PSIII-12 Influence of early gestational heat stress on biomarkers of mammary gland development in replacement gilts genomically selected for thermotolerance or thermosensitivity

Abstract

Abstract Heat stress (HS) alters physiological and metabolic processes in lactating sows leading to decreased milk production, which is a major factor limiting growth and survivability of piglets. While genomic selection for thermotolerance may be a viable solution to alleviate the negative effects of HS on pig welfare, it may be linked to a reduction in milk production and subsequently, litter growth performance. Therefore, the study objective was to evaluate the effects of genomic selection for thermotolerance and its interaction with early gestational HS on biomarkers of mammary gland development in replacement gilts.
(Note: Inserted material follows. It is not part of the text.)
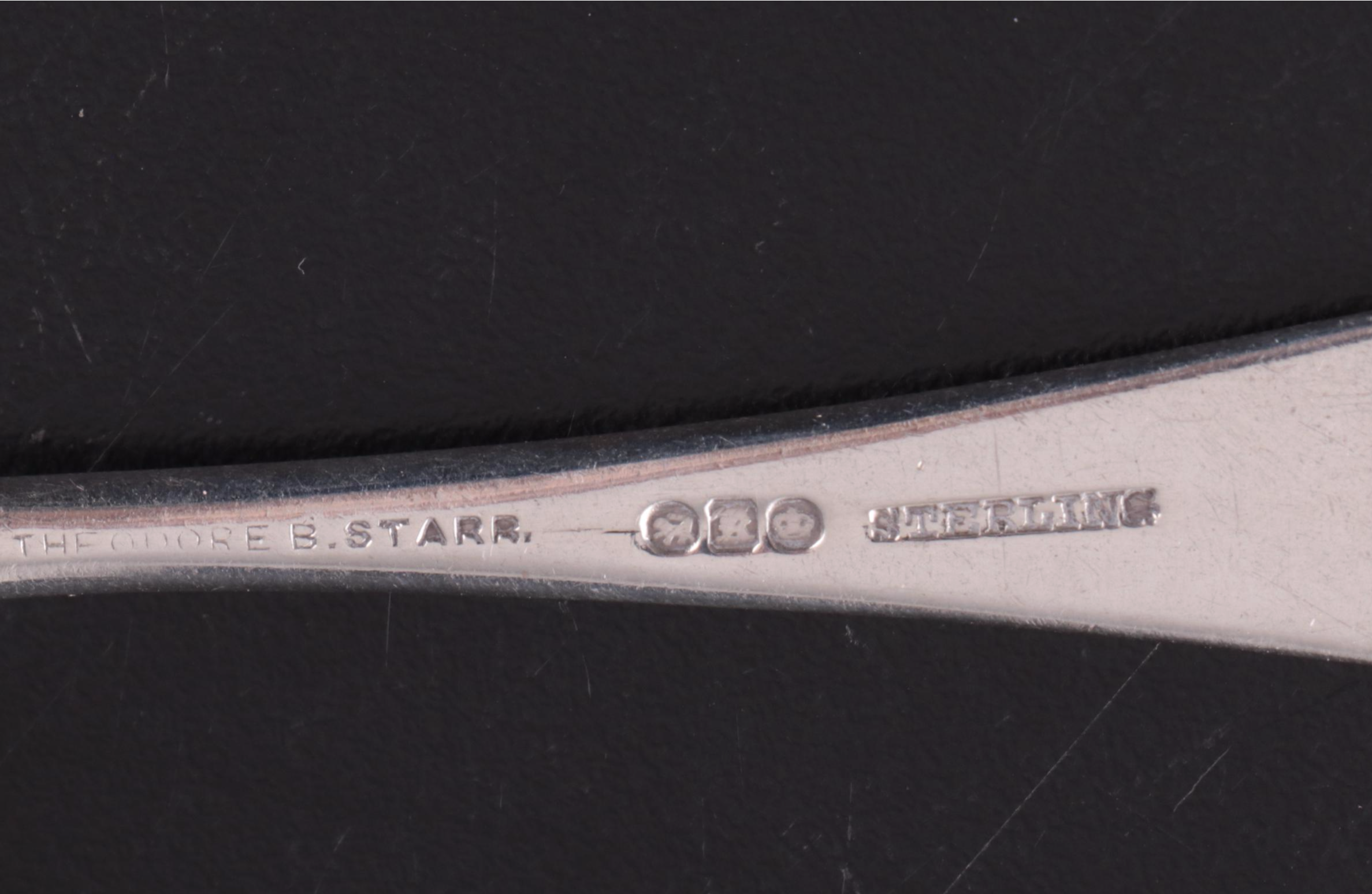 American Engraved Sterling Silver Flatware, 19th Century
We hypothesized that HS exposure as well as genomic selection for thermotolerance would negatively affect mammary epithelial proliferation rate. A total of 36 Landrace (33%) × Large White (67%) crossbred gilts divergently selected for thermotolerance (TOL; n = 18) or thermosensitivity (SEN; n = 18) were balanced by body weight, bred to a single Duroc sire, and then exposed to either thermoneutral (TN; constant 17 to 22°C) or cyclical HS (26 to 36°C) conditions until d 65 of gestation. From d 66 of gestation until farrowing, all pregnant gilts were exposed to TN conditions. Of the 36 total gilts bred, only 28 became pregnant yielding 15 HS gilts (n = 8 SEN and 7 TOL) and 13 TN gilts (n = 7 SEN and 6 TOL). On d 105 of gestation, a mammary biopsy was taken from all gilts, mammary tissue was placed into 10% buffered formalin, and KI67 immunohistochemical staining was performed to identify proliferating mammary epithelial cells (MEC). Proliferating and non-proliferating MEC populations were counted using ImageJ tool. Data were analyzed using PROC GLM in SAS 9.4 with individual gilt as the experimental unit. Overall, early gestational HS decreased (P < 0.01; 16.53 ± 2.12%) the percent of proliferating MEC relative to those kept under TN conditions (26.42 ± 2.39%). However, no effect of genomic line divergence was detected with any comparison (P > 0.05). In conclusion, early gestation HS, but not genomic selection for thermotolerance, had a negative impact on biomarkers of mammary gland development in replacement gilts. These data may suggest that early gestation HS could have a reductive effect on milk production capacity, which may negatively affect litter growth.